The shortage of IT professionals knowledgeable in security is hampering business efforts to protect their networks and data. By 2020, organizations worldwide will be facing an estimated shortage of 1.5 million security professionals, according to a 2015 study by Frost & Sullivan.

Overall, business leaders viewed cyber-security as important, but most would require some convincing before paying for their IT staff to be trained in security, according to Spiceworks' survey. Almost three-quarters of chief information security officers (CISOs) and senior IT leaders, for example, considered cyber-security an important priority for 2016, the survey found. More than half of CEOs also agreed.

Yet, while a quarter of businesses have either invested in security training or encourage security training, some 57 percent of employers are only somewhat open to the idea of training and would require convincing.

"Training is the way to go," Tsai said. "They [the IT workers] all desire to learn about these new skills sets, but employers are not always willing to pay for it."

Most IT experts were not convinced that they could detect and respond to a cyber-attack targeting their cloud infrastructure or the Internet of things. The specialists had more confidence that they could detect attacks on more traditional technologies, such as laptops, desktops and servers.

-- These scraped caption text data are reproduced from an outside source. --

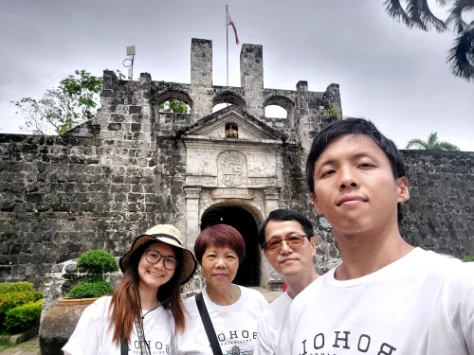 Taking photo in front of Fort San Pedro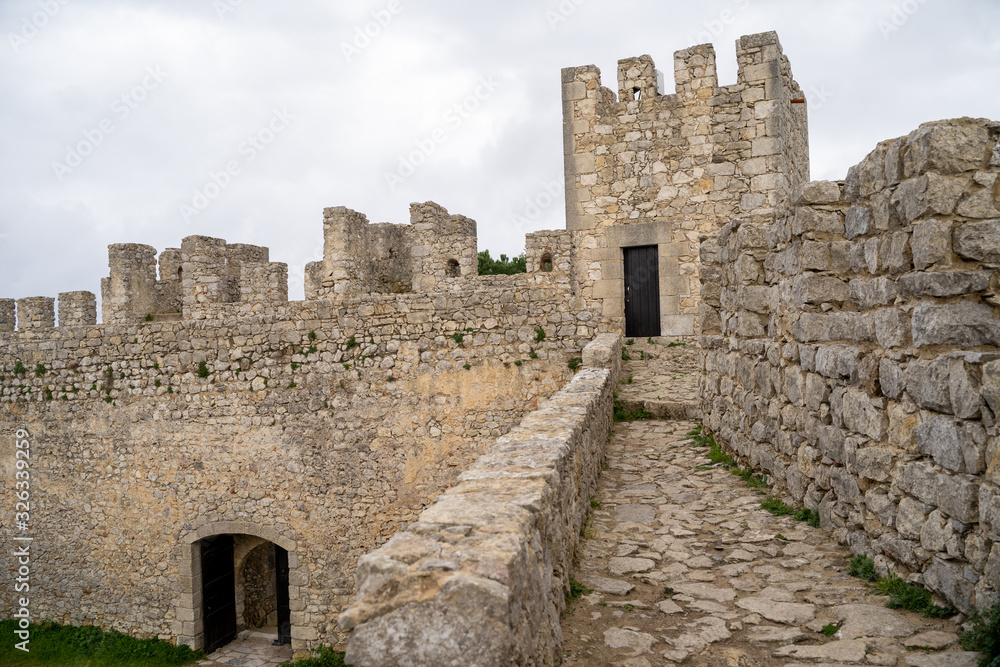 View of the interior ruins of Sesimbra Castle on an overcast winter day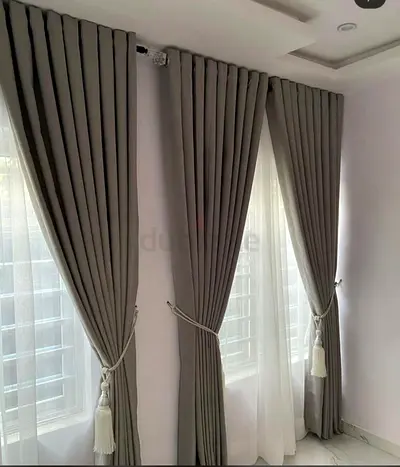Elegant Grey Drapes with Sheer Curtains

About 29 percent of companies had a cyber-security specialist in the IT department, and another 9 percent expected to hire one in the next 12 months. Another 23 percent used an outside contractor or managed security service for cyber-security expertise, with 13 percent expecting to hire a third-party expert in the next 12 months.

Yet hiring more security people is not necessarily the best approach, Spiceworks' Tsai said. A multi-pronged approach of training, acquiring better technologies and improving the business' security processes is necessary, he said.

"To solve security threats and problems, you have to take a holistic approach," Tsai said.